Così ne amavano parlare con noi tre. Ed erano stranamente arguti e vivaci, stranamente, pensavamo, se si confrontava alla vita abbrutente che conducevano tutti i giorni. Che fossero riusciti a salvare una intelligenza vivida, come mostravano continuamente, malgrado la vita che facevano fu la cosa che più ci colpiva.

I contadini parlavano spontaneamente della loro miseria e dei loro bisogni, ma se li si interrogava si dilungavano a parlare volentieri della loro terra, delle varie stagioni di semina e raccolto, del loro mulo, dei loro pomodori piccoli, ma molto gustosi. E ne veniva fuori, malgrado tutto, un attaccamento alla loro terra molto forte. Se poi si interrogavano sulla famiglia, ne risultava il loro amore per essa e la necessità di farla andare avanti, di mettere da parte i soldi, di comprare della terra per i figli per quando si sarebbero sposati. Una serie di doveri che loro sentivano e che non pensavano neanche di mettere in discussione. 
Non si lamentavano di avere un numero troppo grande di figli, come cose volute dal cielo. Se noi insistevamo che mettere al mondo figli era una grave responsabilità, specialmente se non si era sicuri di procurare loro un buon avvenire, stavano ad ascoltare, ma non ci credevano troppo. Forse sarebbe stato meglio fare meno figli, ma come si fa ... capitano. E poi se ci sono, anche per loro ci sarà posto nella vita come c'è stato per i genitori. 

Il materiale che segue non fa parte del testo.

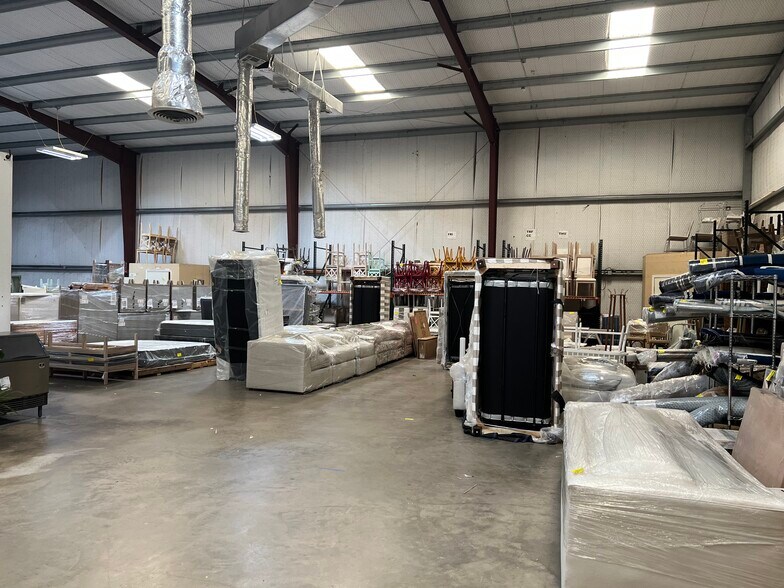 More Photos Of 333 Anchor St, Corpus Christi Industrial For Sale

Se i padri erano rassegnati alla loro vita grama, tra i giovani c'era maggior insoddisfazione. Non amavano più la terra. Partivano per andare militare e tornavano col desiderio di andarsene da quel posto. Non volevano più fare il contadino.  Qualcuno andava a lavorare come manovale giù nella piana di Scanzano dove si lavorava per l'Ente Riforma. Facevano gli industriali come dicevano loro. Ma avrebbero voluto venire a Milano. E ognuno ci pregava di ricordarsi di lui quando tornavamo lassù. Qualunque posto, pur di andarsene. I loro padri ed i loro nonni a vent'anni erano partiti per l'America e molti erano ritornati poi alla loro terra. Anche loro volevano andarsene e in mancanza dell'America sognavano Milano. Solo che era meno facile per loro andare a lavorare a Milano che per i nonni andare in America a cercare fortuna. 

Io provavo qualche volta a dire loro che era necessario rimanere in paese e cercare di far qualcosa perché la vita migliorasse, per uscire fuoridalla loro miseria con la propria volontà. Ma subito dopo sentivo le mie parole prive di significato e forse retoriche, davanti alla impossibilità di fare niente di nuovo, senza mezzi come erano tutti laggiù. Certo non era bello evadere, non era bello starsene con le mani in mano a sognare di andarsene, ma a furia di non vedere mutare niente non si poteva non desiderare di andare via, andare in un posto in cui ci fosse un pò di lavoro e un pò di speranza.